The campaign does raise issues for feminists, some of whom might defend the right of glamour models to 'exploit' male weakness in return for monetary reward, and consider it patronizing to assume that the models are necessarily victims themselves. Like Rita Pal, sex-positive feminists may feel bound to defend Page 3's "message that women should be confident for who they are, in or out of their clothes" and reframe it as a celebration of female sexuality. However, I'd posit the notion that most women don't see their full and complex sexuality reflected anywhere in the Page 3 version of womanhood– "its passivity, its lack of demands on the male, and above all its perpetual availability" as U.K. feminist writer Joan Smith describes it—especially if they happen to be nonwhite, non-slim, non–large breasted, disabled, or transgendered. Which may explain why women are signing in their thousands.

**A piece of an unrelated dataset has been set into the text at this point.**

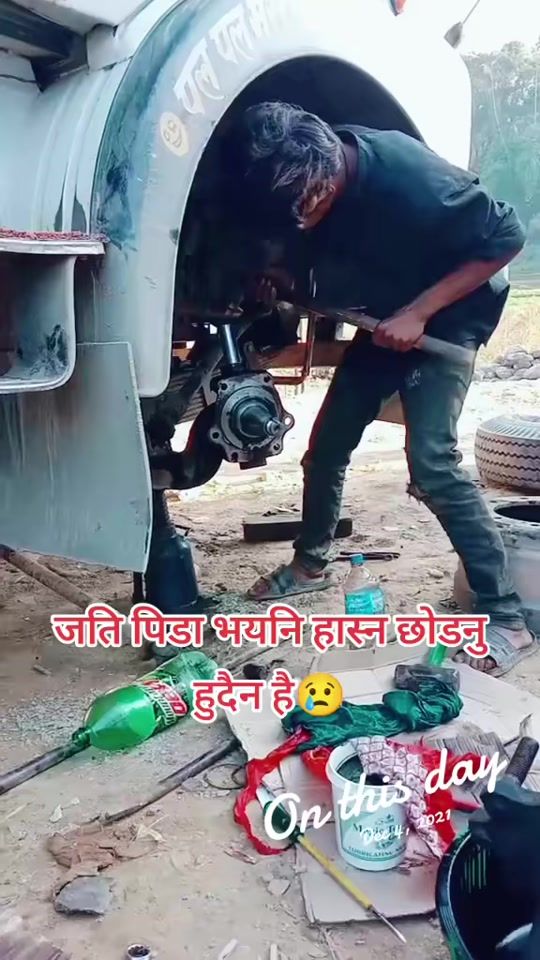 TikTok video thumbnail by arjunadhikari2933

As Joan Smith also pointed out as far back as 23 years ago, opponents of page 3 are doomed to be accused of "motives of envy and prudery ... particularly if they happen to be women." The 'prude' argument has repeatedly reared its head in opposition to the campaign as commenters sarcastically ask "Are you planning to campaign against all classical art featuring naked women?". Campaign supporters might respond that this argument deliberately conflates the reasonable notion that there's a time and a place for naked breasts (and a newspaper isn't it) with the myth that feminists wish to shut down all instances of sexual expression.

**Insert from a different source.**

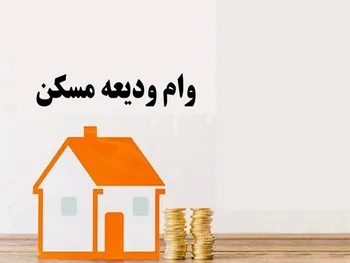 وام ودیعه مسکن | مراحل و شرایط دریافت وام ودیعه مسکن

Nowhere were antifeminist silencing tactics more clearly demonstrated than in the treatment of MP Clare Short, who in 1986 attempted to introduce a bill into British Parliament to remove Page 3 girls from newspapers. Short's campaign received great support from British women "who finally felt encouraged to express their frustration about what they saw as a daily insult". However, she was also ridiculed in the British media, accused of jealousy by other MPs, and condemned by gay-rights groups and parts of the women's movement for encouraging censorship. Another attempt to introduce an anti-Page 3 Bill in 2004 resulted in hotpant-clad Sun models staging a 'photo protest' outside Short's house. Being a young and conventionally attractive feminist certainly hasn't protected Lucy Holmes from getting such a torrent of abuse online that she has already had to contact the police—sadly, 'twas ever thus when challenging media sexism—but this time, the campaign is standing strong.
The Sun remains tight-lipped on whether it will heed the demands of the campaign. In the meantime, more than 52,000 British women and men are united under the notion that, as UK comedian Jennifer Saunders puts it, "tits aren't news".